[Task details]
Leave out the pictures and reproduce all of the data exactly.

[Supplied entries]
******
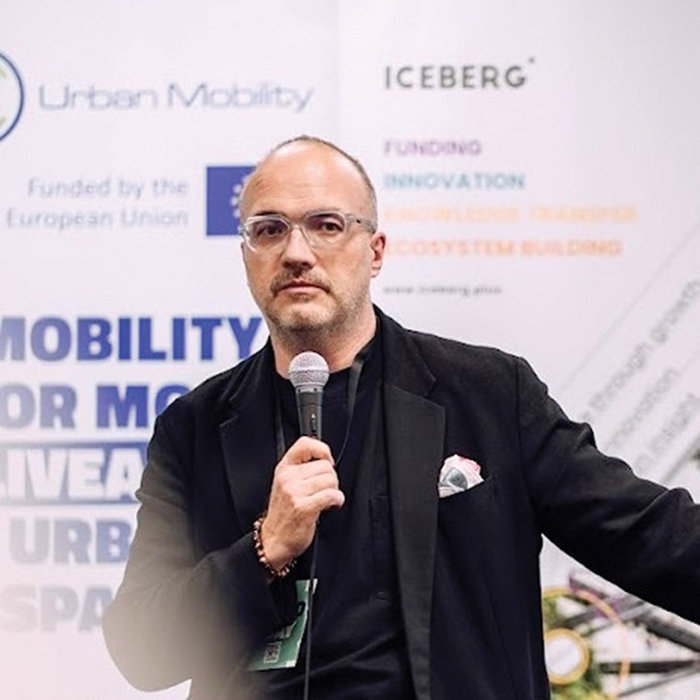 ZF IT Generation. Ionuţ Ţaţa, general partner, Asternova Vest, fond de capital de risc pentru start-up-urile din Regiunea Vest: Vom investi în start-up-uri care folosesc inteligenţa artificială pentru a scala eficient, nu în cele construite doar pe AI - „sunt businessuri care pot funcţiona şi dacă se sparge bula AI“
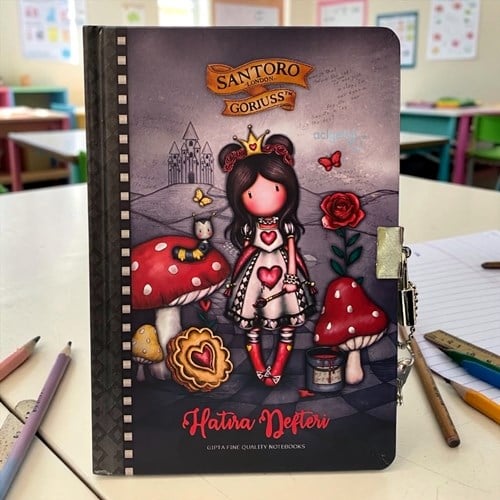 Gıpta Santoro Gorjuss Kilitli Hatıra Defteri 14x20 Cm 96 Yaprak Çizgili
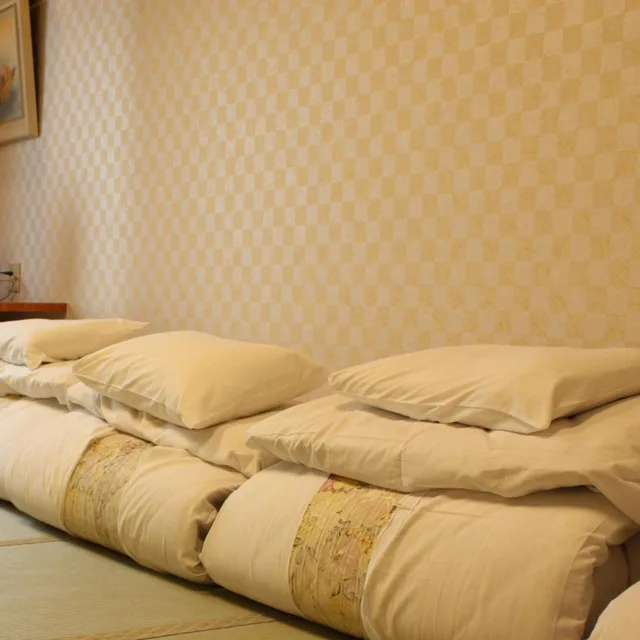غرفة يابانية بسريرين منفصلين، Satomo Ryokan 1/3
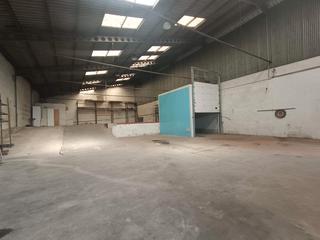 Fabrikhalle in Avinguda dels germans bou 48. Nave de 450m en hermanos bou. con luz y agua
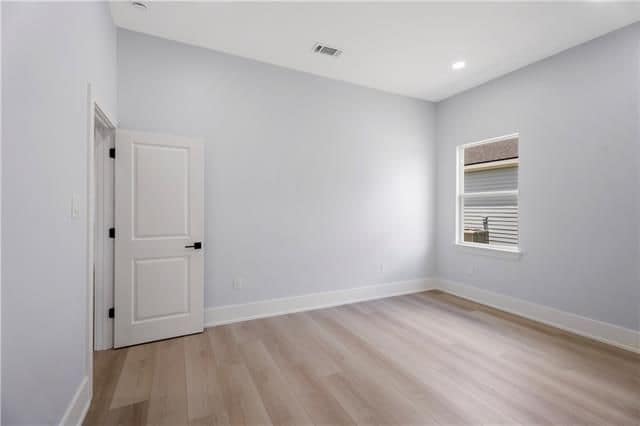 Foto del edificio - 405 E 1st St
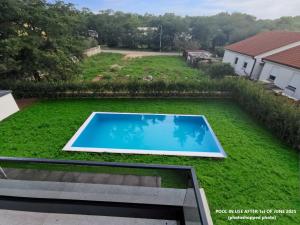 Modern App Ana with Jacuzzi and Balcony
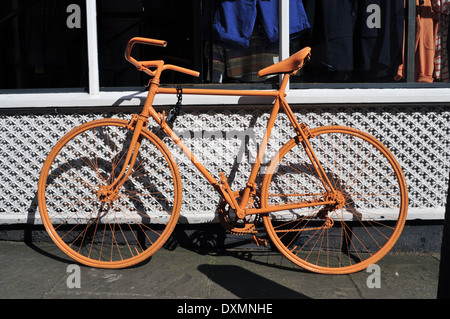 Eine orange Fahrrad geparkt in Angel, London, UK Stockfoto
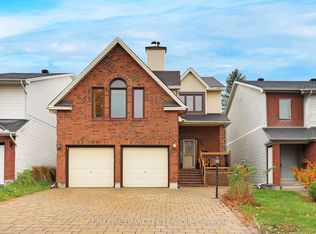 6 Robina Ave, Ottawa, ON K2H9R3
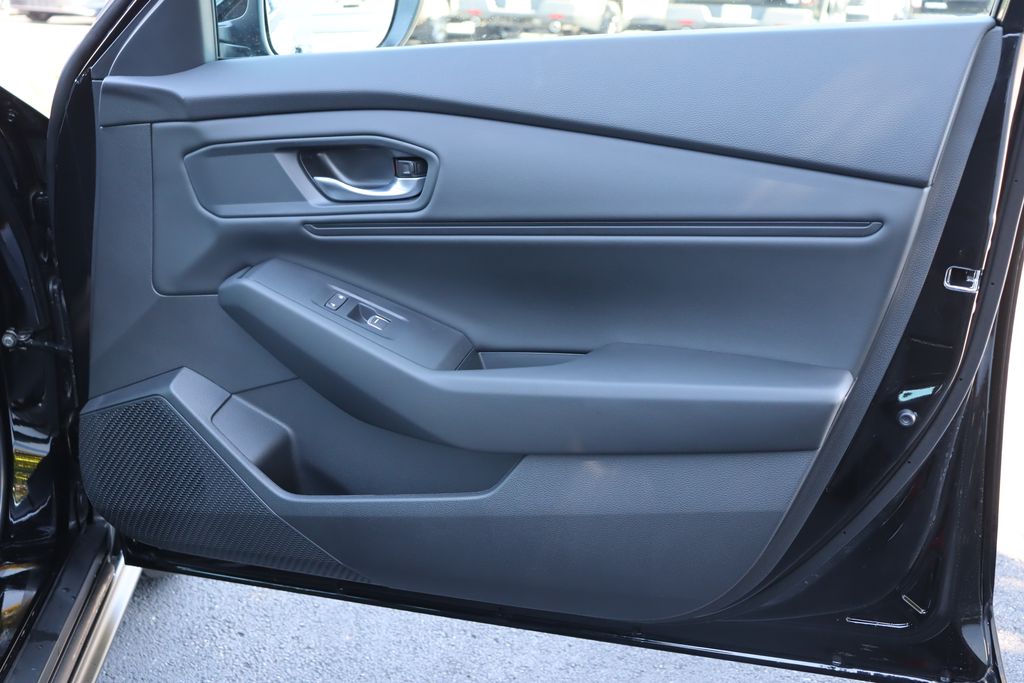 2025 Honda Accord SE photo 17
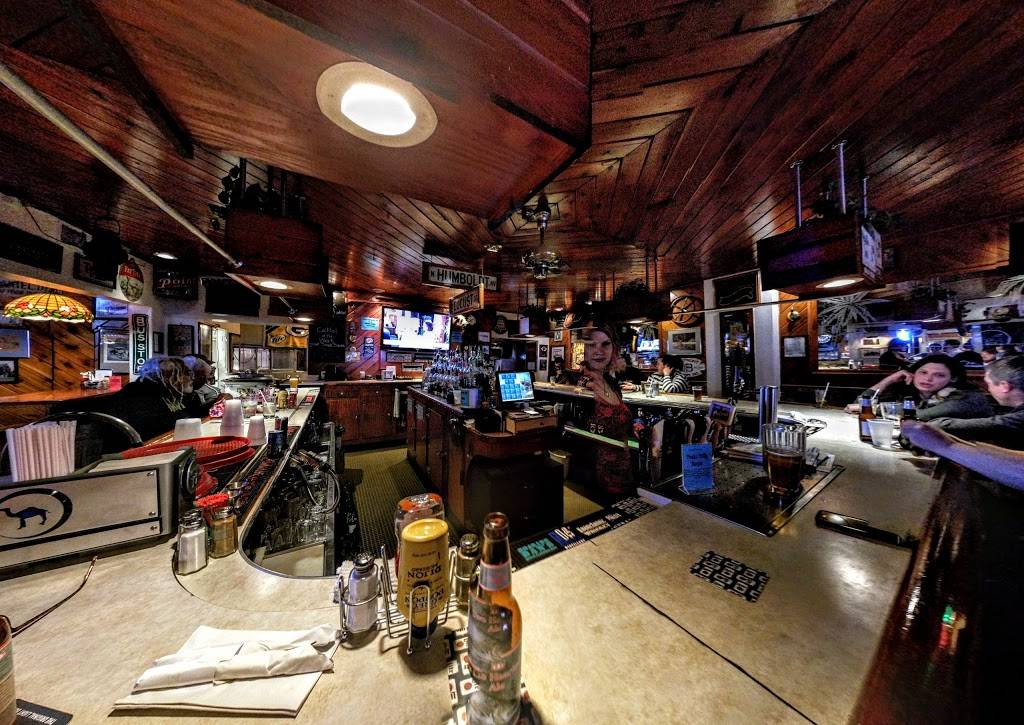 The Tracks Tavern & Grill | restaurant | 1020 E Locust St, Milwaukee, WI 53212, USA | 4145622020 OR +1 414-562-2020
******
[Answer]
 ZF IT Generation. Ionuţ Ţaţa, general partner, Asternova Vest, fond de capital de risc pentru start-up-urile din Regiunea Vest: Vom investi în start-up-uri care folosesc inteligenţa artificială pentru a scala eficient, nu în cele construite doar pe AI - „sunt businessuri care pot funcţiona şi dacă se sparge bula AI“
 Gıpta Santoro Gorjuss Kilitli Hatıra Defteri 14x20 Cm 96 Yaprak Çizgili
غرفة يابانية بسريرين منفصلين، Satomo Ryokan 1/3
 Fabrikhalle in Avinguda dels germans bou 48. Nave de 450m en hermanos bou. con luz y agua
 Foto del edificio - 405 E 1st St
 Modern App Ana with Jacuzzi and Balcony
 Eine orange Fahrrad geparkt in Angel, London, UK Stockfoto
 6 Robina Ave, Ottawa, ON K2H9R3
 2025 Honda Accord SE photo 17
 The Tracks Tavern & Grill | restaurant | 1020 E Locust St, Milwaukee, WI 53212, USA | 4145622020 OR +1 414-562-2020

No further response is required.